Dans l’entretien accordé à Carayol (cf. note*), il sera aussi peu précis dans son engagement. Le RSP ? La solution se trouvera « dans une réorganisation globale de l’armée […] Quand j’arriverai au pouvoir, le RSP fera partie de l’armée régulière. Il disparaîtra alors de sa belle mort en tant que régiment de la sécurité présidentielle »**. Gilbert Diendéré ? Il doit continuer de servir l’Etat « jusqu’à preuve du contraire » (c’était, bien sûr, avant la tentative de coup d’Etat qui lui est imputée). Yacouba Isaac Zida ? Retourner dans les casernes ou jouer un rôle politique à l’avenir, « cette réponse lui appartient ».

Lorsque la campagne électorale va être lancée officiellement, le dimanche 8 novembre 2015, Roch Kaboré va donner la priorité au « combat pour le développement du Burkina Faso » : « accroître la production, remettre l’administration sur les rails, nous débarrasser de tous les paresseux, de tous les fraudeurs, de tous ceux qui ne travaillent pas dans l’intérêt du Burkina Faso ». Son programme promet la mise en place « d’un nouveau modèle de développement ». Mais, en cette matière, rien d’innovant dans le fond comme dans la forme ; il s’agit de diversifier l’économie en donnant la priorité à cinq secteurs stratégiques : activités agro-sylvo-pastorales ; industries agro-alimentaires ; mines ; artisanat ; industries culturelles et sportives.

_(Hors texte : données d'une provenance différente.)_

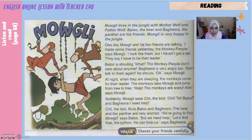The value of the story is: choose your friends carefully — kita kena pilih kawan dengan berhati-hati.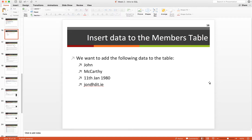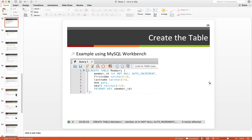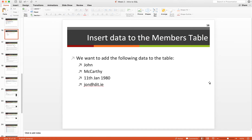In this video we're going to look at how we can insert data into our database tables. In the previous video we created our members table, which is made up of a member ID — an integer that auto-increments — a first name and last name (both VARCHAR), a date of birth (DATE type, year-month-day), an email address (VARCHAR), and a primary key set to member ID as the unique identifier.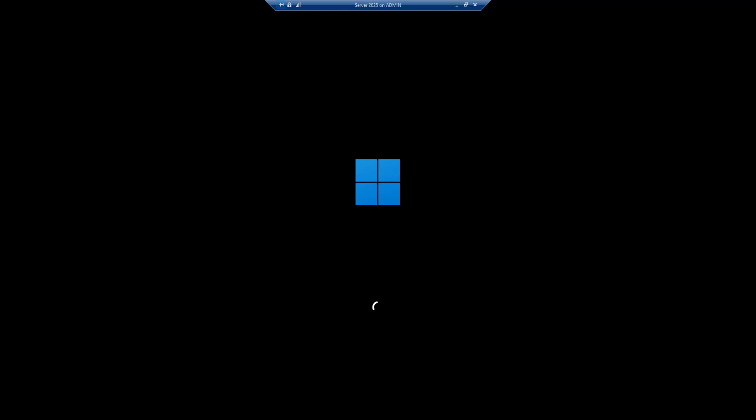You can see that the installation of Windows Server 2025 is almost done. So now we are waiting for the first look and the UI that it is going to give us.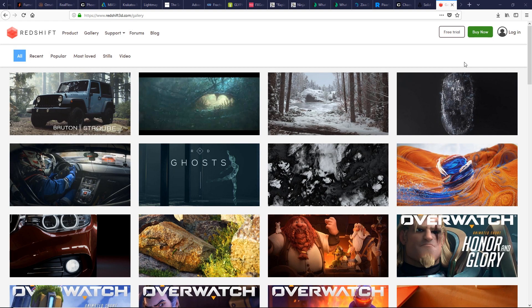New cool GPU-based renderer with a lot of features. You should love this plugin. Redshift works with Maya, Houdini, Cinema 4D, and 3ds Max.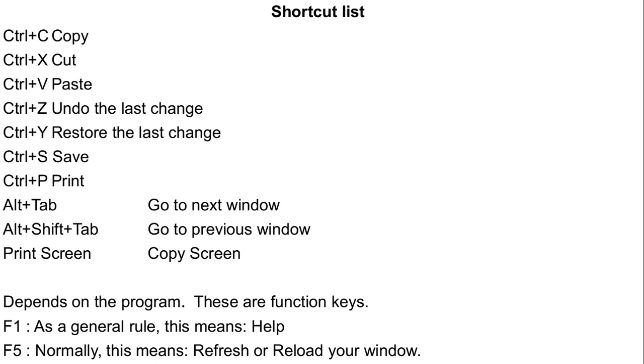Those are the ones I use most commonly. Just saves your hands, saves time. After a while you get pretty good. You become a gun.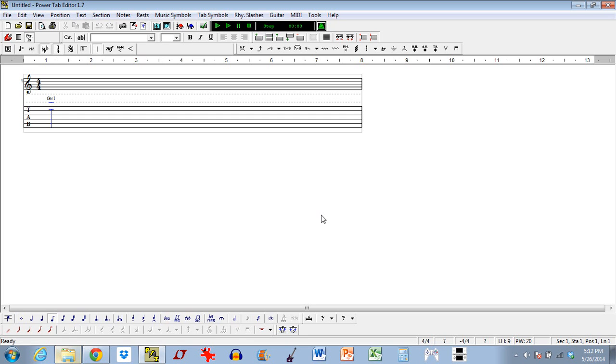Basically what I'd like to do is make up a song as I go, and I figure that's probably the best way to show off all the features of the software and how to do everything. For those of you who have used other types of composing software before, this is probably going to be a breeze.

C’est la première fois, dans l’histoire du pays, qu’une élection présidentielle résulte d’une « insurrection populaire ». Et, évidemment, au-delà du vote des électeurs en sa faveur, Roch Kaboré doit prendre en compte le « vaillant peuple burkinabè et tous les combattants de la liberté et de la démocratie dont certains ne sont plus de ce monde ». Au-delà des attentes des électeurs MPP, ce sont aussi à celles de la population urbaine, jeunes et femmes, que le nouveau président du Faso devra répondre. Cette victoire de Roch Kaboré est aussi l’expression d’une « transition » réussie et de partis politiques responsables. Le futur président du Faso n’a pas manqué de rendre hommage à l’une et aux autres ; tout en réservant « une mention spéciale aux autorités coutumières et religieuses et à la presse nationale et internationale ».

* A ce sujet, dans un entretien avec Rémi Carayol (Jeune Afrique du 13 septembre 2015), Roch Marc Christian Kaboré a précisé : « Au MPP, notre position est que nous devons passer à une Vè République afin de marquer une rupture avec l’ancien régime. Les pouvoirs du président du Faso seront réduits, pour qu’il ne soit plus omnipotent, et les compétences du Parlement seront renforcées. Mais nous n’avons pas encore tranché sur la nature du régime ».

** Malgré tout, il est évident que le comportement de Yacouba Isaac Zida à la primature n’a pas donné satisfaction à Roch Marc Christian Kaboré.